Problem requirements:
Below are entries; count each line that holds the word "para" and report the number without any other words.

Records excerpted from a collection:
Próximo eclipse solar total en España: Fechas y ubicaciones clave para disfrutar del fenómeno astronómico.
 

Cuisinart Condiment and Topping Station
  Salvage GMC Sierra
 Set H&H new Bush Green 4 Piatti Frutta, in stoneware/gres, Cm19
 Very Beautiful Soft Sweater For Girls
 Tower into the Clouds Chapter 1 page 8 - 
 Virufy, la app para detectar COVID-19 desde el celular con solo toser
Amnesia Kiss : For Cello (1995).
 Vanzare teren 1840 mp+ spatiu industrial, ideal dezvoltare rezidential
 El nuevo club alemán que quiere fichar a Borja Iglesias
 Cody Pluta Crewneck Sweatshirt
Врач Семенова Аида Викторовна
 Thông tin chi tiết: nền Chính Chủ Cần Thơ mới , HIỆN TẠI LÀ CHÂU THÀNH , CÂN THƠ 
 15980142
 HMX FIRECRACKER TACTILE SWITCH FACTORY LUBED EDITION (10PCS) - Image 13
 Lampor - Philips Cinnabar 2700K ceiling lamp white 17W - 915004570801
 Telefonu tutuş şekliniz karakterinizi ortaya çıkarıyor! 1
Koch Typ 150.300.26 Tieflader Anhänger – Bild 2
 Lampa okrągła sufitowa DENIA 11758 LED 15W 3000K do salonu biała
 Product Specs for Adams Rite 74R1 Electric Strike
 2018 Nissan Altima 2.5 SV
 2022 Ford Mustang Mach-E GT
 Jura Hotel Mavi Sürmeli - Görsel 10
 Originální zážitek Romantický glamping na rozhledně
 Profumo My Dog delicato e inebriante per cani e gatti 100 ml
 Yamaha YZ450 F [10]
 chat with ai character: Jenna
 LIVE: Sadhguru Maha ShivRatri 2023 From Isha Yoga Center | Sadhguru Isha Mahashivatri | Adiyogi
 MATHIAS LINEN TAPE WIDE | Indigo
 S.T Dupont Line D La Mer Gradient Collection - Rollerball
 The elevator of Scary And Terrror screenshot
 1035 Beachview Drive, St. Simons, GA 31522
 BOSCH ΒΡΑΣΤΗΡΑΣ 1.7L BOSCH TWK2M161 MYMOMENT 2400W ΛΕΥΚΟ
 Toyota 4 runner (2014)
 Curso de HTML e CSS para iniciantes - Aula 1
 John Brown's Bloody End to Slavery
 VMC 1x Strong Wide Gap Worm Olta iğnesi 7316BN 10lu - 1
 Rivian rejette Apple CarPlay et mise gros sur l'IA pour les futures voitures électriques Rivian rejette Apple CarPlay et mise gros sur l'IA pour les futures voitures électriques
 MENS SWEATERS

Task output:
3